━━━━━ Given information

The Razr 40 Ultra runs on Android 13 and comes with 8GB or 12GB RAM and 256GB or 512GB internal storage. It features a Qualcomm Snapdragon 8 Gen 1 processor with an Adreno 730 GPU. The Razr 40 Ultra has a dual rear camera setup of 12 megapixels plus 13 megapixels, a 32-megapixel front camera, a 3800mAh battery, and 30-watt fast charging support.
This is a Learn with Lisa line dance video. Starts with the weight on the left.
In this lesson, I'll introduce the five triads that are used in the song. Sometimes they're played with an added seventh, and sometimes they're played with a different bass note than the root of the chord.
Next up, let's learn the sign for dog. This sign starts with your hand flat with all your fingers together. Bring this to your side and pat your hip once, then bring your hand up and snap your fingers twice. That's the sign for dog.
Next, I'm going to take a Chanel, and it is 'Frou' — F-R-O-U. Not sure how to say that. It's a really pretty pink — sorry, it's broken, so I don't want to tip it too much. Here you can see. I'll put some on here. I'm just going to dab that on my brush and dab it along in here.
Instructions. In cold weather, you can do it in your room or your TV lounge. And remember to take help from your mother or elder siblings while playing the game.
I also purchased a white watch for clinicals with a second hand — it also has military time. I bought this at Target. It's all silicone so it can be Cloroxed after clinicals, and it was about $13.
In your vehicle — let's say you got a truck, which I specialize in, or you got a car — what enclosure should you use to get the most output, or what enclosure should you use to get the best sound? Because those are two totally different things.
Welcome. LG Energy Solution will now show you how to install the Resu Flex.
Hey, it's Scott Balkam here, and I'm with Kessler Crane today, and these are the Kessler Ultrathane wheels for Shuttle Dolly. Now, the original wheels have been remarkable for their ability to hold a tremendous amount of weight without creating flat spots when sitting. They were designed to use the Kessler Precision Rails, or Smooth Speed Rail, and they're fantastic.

━━━━━━━━━━
━━━━━ Given information

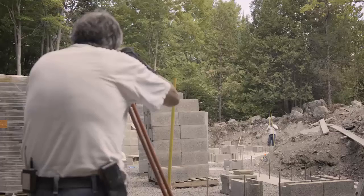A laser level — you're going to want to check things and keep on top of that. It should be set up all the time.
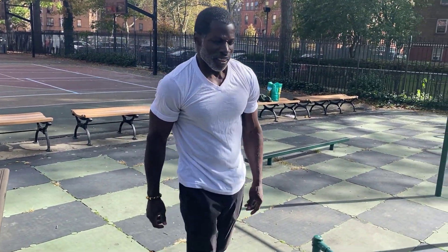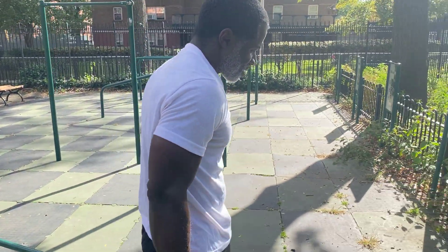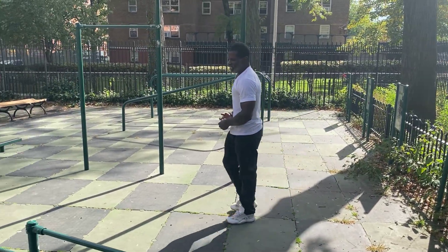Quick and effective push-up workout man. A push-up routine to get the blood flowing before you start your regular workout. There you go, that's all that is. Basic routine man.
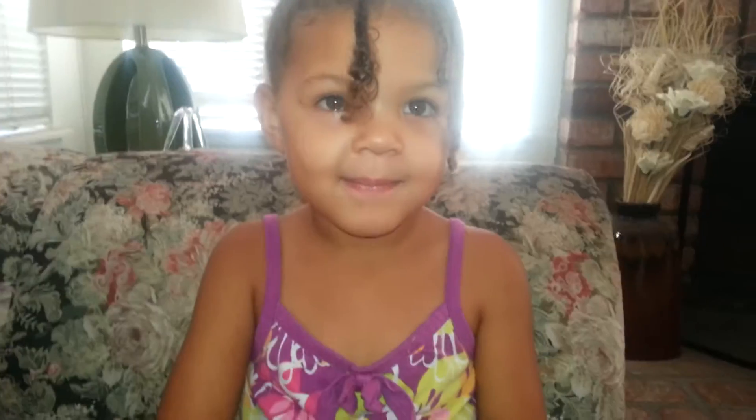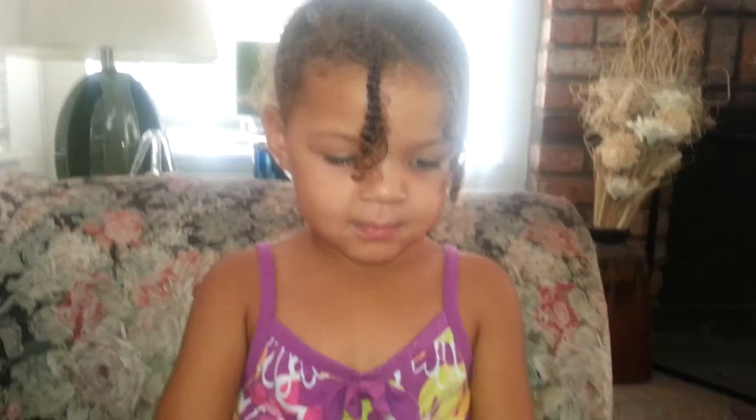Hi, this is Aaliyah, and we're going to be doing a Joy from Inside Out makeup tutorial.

━━━━━━━━━━

● **Exercise description**
Copy out the lines above exactly, beginning at the one that contains "Next up, let's" and ending at the one that contains "Welcome. LG Energy".

● **The answer**
Next up, let's learn the sign for dog. This sign starts with your hand flat with all your fingers together. Bring this to your side and pat your hip once, then bring your hand up and snap your fingers twice. That's the sign for dog.
Next, I'm going to take a Chanel, and it is 'Frou' — F-R-O-U. Not sure how to say that. It's a really pretty pink — sorry, it's broken, so I don't want to tip it too much. Here you can see. I'll put some on here. I'm just going to dab that on my brush and dab it along in here.
Instructions. In cold weather, you can do it in your room or your TV lounge. And remember to take help from your mother or elder siblings while playing the game.
I also purchased a white watch for clinicals with a second hand — it also has military time. I bought this at Target. It's all silicone so it can be Cloroxed after clinicals, and it was about $13.
In your vehicle — let's say you got a truck, which I specialize in, or you got a car — what enclosure should you use to get the most output, or what enclosure should you use to get the best sound? Because those are two totally different things.
Welcome. LG Energy Solution will now show you how to install the Resu Flex.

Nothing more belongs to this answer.